Gibson, 36, will receive $12 million in 2024 with a club option for 2025. Lynn also has a club option for ‘25.
The moves for Lynn and Gibson aren’t flashy or exciting. The transactions won’t lead to a boost in offseason ticket sales. These signings are predictable. Fans have taken to social media to throw tantrums. The best fans in baseball want more. The consumers want to see the Cardinals ownership-management to think bigger, be bolder, and aggressively land a front-rotation starter. The loyal fans want to see proof of a total commitment to winning. These are understandable and reasonable requests.
I wrote a piece earlier today, taking an extensive look at Lynn’s addition.
You can read it here.
Here are 15 quick-hit takeaways on what the Cardinals have done so far to stanchion a shaky, wobbly and embarrassingly poor 2023 rotation that was among the worst during the 28-season Bill DeWitt Jr. Era as owner.
1. Obviously the Cardinals still must add a top starter. A five-man rotation of Miles Mikolas, Steven Matz, Lance Lynn and Gibson isn’t enough. Not if the team is trying to reach 90+ wins and return to the playoffs. But the Cardinals aren’t finished, so let’s see what they do next before we lose our collective minds by blowing every circuit in our head wiring.
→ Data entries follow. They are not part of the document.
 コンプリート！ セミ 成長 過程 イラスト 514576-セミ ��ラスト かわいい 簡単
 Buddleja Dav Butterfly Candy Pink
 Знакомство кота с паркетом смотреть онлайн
2. Last week on my KFNS radio show, I offered this assessment, and I did not waffle on it: it’s best to be prepared, because the Cardinals would not be diving into the deep end of the free-agent pool of starting pitchers. People thought I was kidding, or doing the hot-take thing. Nope. I had good information on this, and that’s why I adjusted my expectations. Please do not be confused here; I am not defending the Cardinals. I am merely the messenger that felt obliged to explain the reality of the situation.
3. The Gibson signing did not surprise me at all. I essentially predicted this very move on my KFNS radio show last week – and even talked about why I thought it made sense. With an asterisk, of course; bringing in Gibson did not fulfill the glaring need for a higher-caliber starter. The same applies to the Lynn signing.
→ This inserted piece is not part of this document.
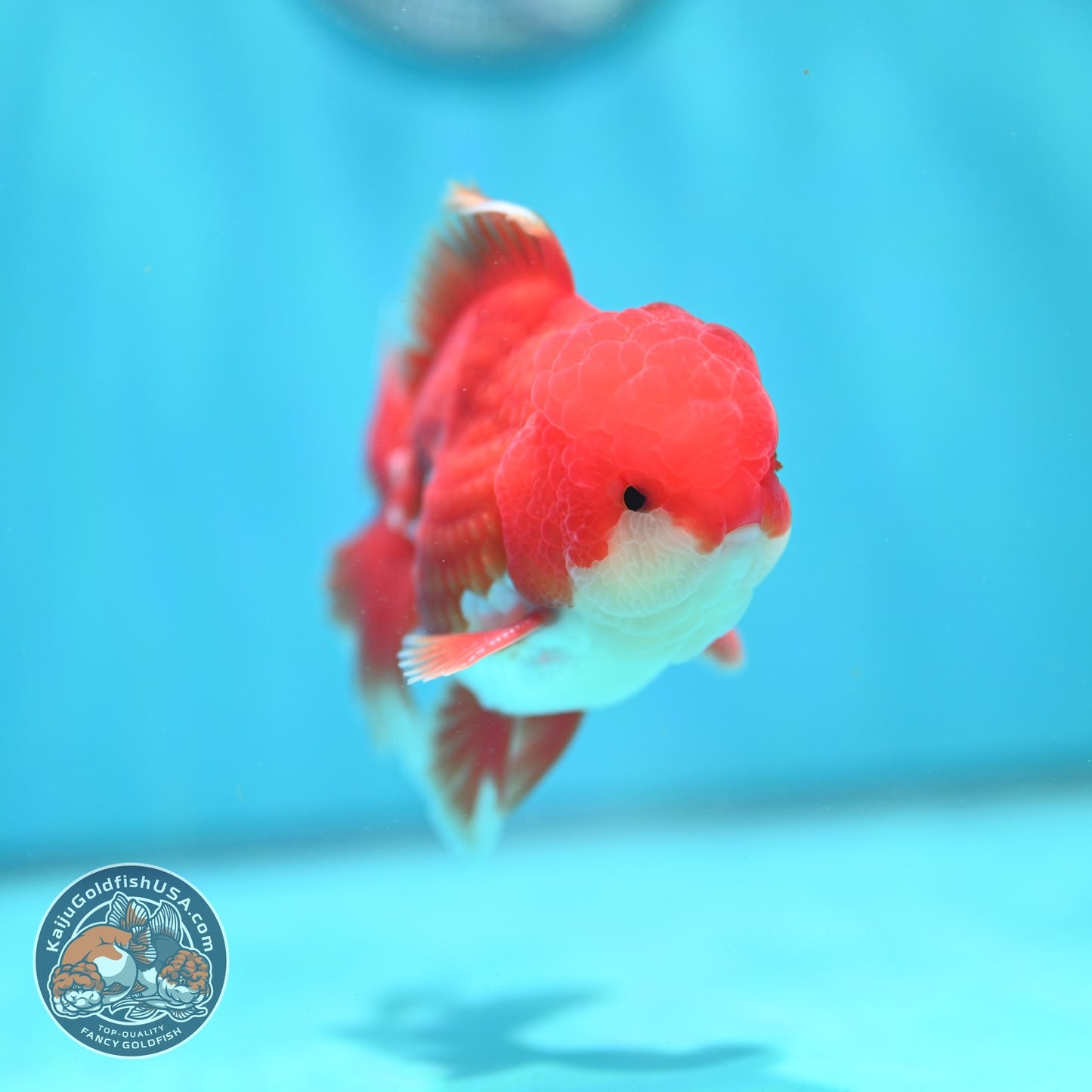 Red White Rose Tail Oranda 3.5 inch Body (260904_OR02)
4. I think we agree on this: the Cardinals had a major need for rotation stability. Guys who can make most, if not all, of their scheduled starts. Guys who can supply a solid load of innings without significant disruption. Reliable guys who could be counted on. In recruiting Gibson and Lynn, the Cardinals did just that.
Last season Lynn and Gibson combined for 375 and ⅔ innings and 65 starts. You don’t need to remind me of Lynn’s dreadful ERA (5.73) and his homers-allowed disease. I wrote all about that earlier on Tuesday. And I know all about Gibson’s 4.73 ERA in 2023.
The Cardinals now have three starting pitchers – Miles Mikolas, Gibson and Lynn – who combined for 577 innings in 2023. The three ranked 4th (Mikolas), 12th (Gibson) and 23rd (Lynn) among all MLB starters for innings pitched last season. That matters given the flimsy nature of the team’s ‘23 rotation. The Cardinals had to use 10 different starters last season. Other than Mikolas no starter pitched more than 121 innings – though Jordan Montgomery was on course for nearly 190 innings before the trade that sent him to Texas.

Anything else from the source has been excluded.